1. 29
  1. 4

    As browsers expose more APIs, exposing the Unicode data they already need for their own regexp implementations, sorting, etc. seems like a reasonable thing to want. (There are already substantial i18n APIs.)

    Many wasm programs need to process text and all need the same data to do so, and sometimes following the browser’s idea of Unicode may be an added benefit–gets an old program ‘free’ Unicode version updates, or conversely helps grapheme clustering match the browser’s when the browser is not up to date.

    1. 2

      (Author here) I would love this. I think that even just improving the existing Intl.Collator API could do good enough. The problem with it currently, from what I have seen, is that it’s actual behavior is not formally specified. That is, it works well if you’re, say, trying to sort strings in the user’s locale - which is what the API was designed to do - but if you expect those results to be consistent across browsers you’re out of luck and will quickly run into issues like[0]
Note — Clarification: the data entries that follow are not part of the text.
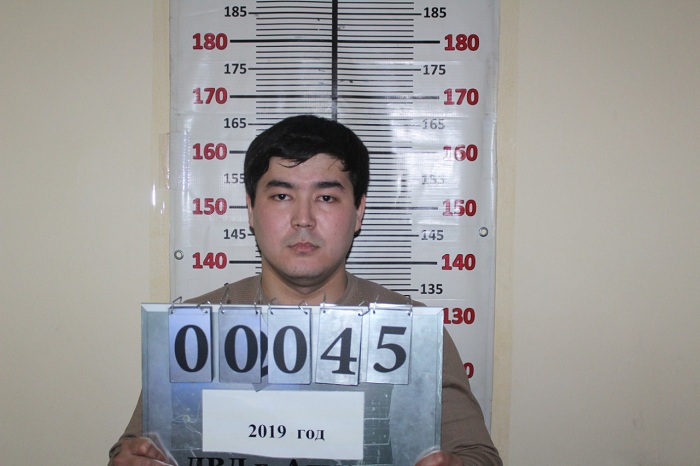 Сотрудник ломбарда арестован за скупку краденого в Алматы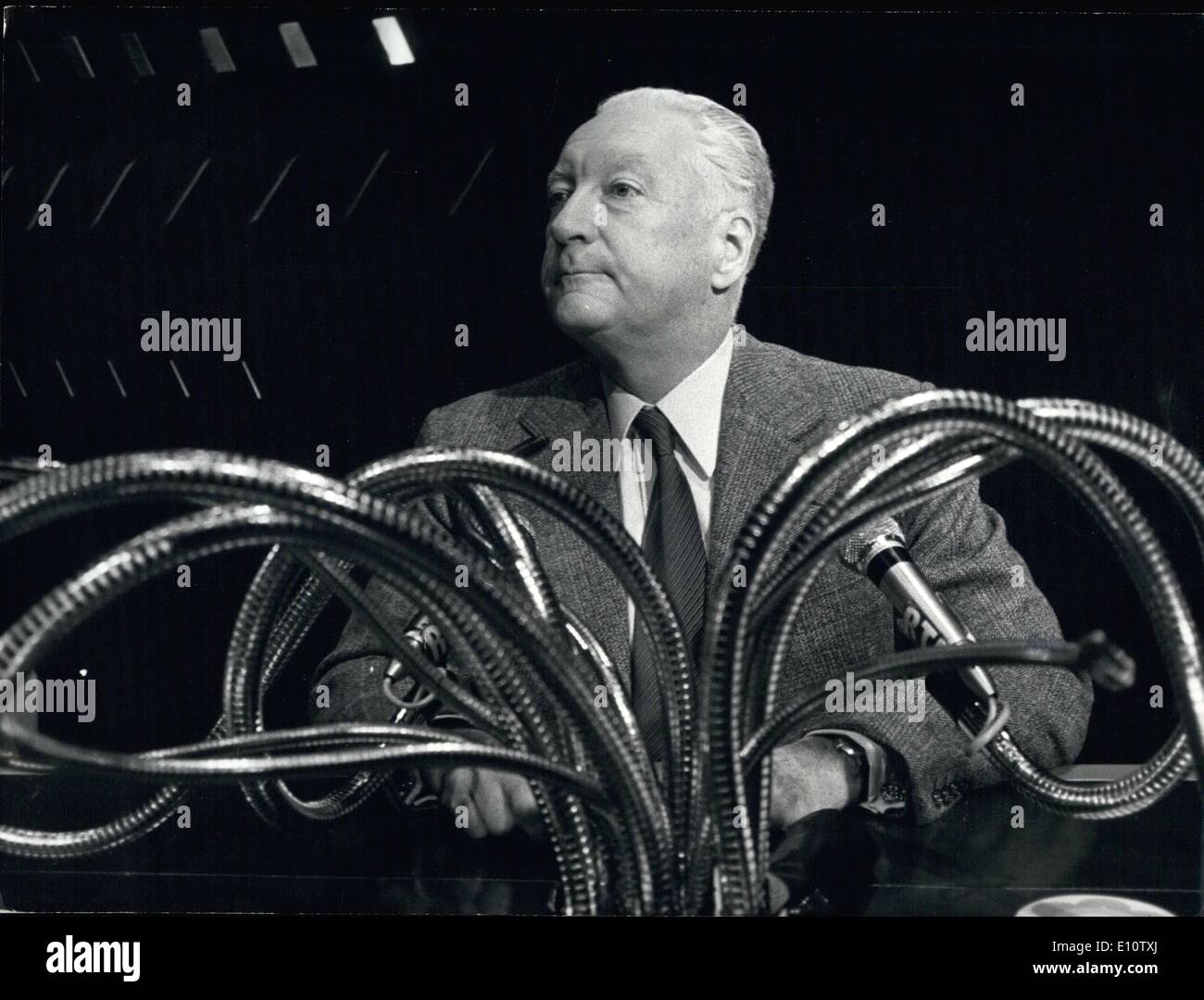 Mars 02, 1974 - Julien Besançon a interrogé le premier ministre Pierre Messmer à l'émission ''Journal Inattendu'' au RTL. Banque D'Images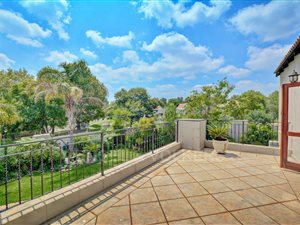 5 Bed House in Fourways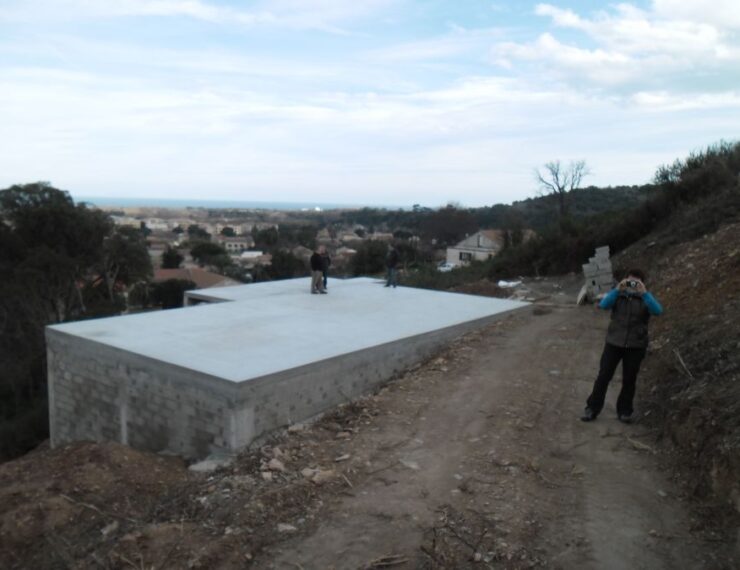 Budowa 1 domu na Korsyce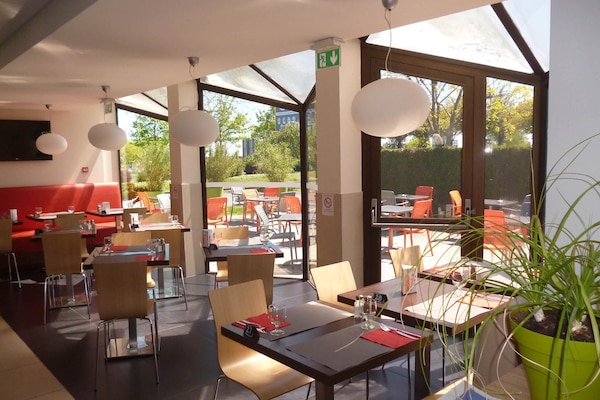 Serveert lunch en diner, Franse gerechten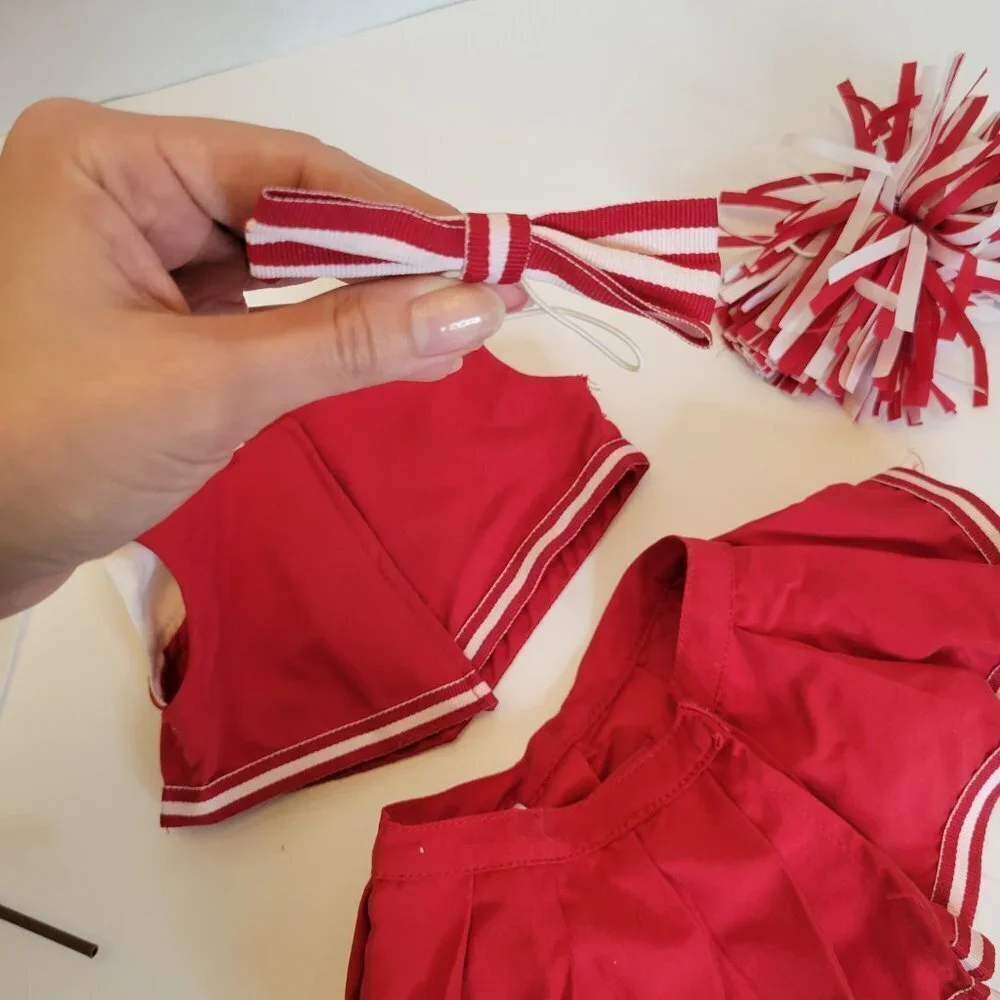 Build-A-Bear includes top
      If the behavior was consistent across browsers, I think that’d be good enough to rely on the Intl APIs in general. But yeah, differing behavior for say a regexp engine across browsers is.. well.. not desirable, to say the least.

      [0] https://stackoverflow.com/questions/33919257/sorting-strings-with-punctuation-using-intl-collator-is-inconsistent-across-brow

      1. 1

        Oh, wow, Collator being almost right is kind of a maddening snatching-defeat-from-the-jaws-of-victory situation.

        Zorex looks cool! A regex-like language that does things Everyone Knows Regexes Can’t Do seems like it could be useful in a lot of places.

    2. 2

      I’m really curious how well one of the neural network compression tools would work for something like this. It feels like exactly the kind of thing that they’re designed for.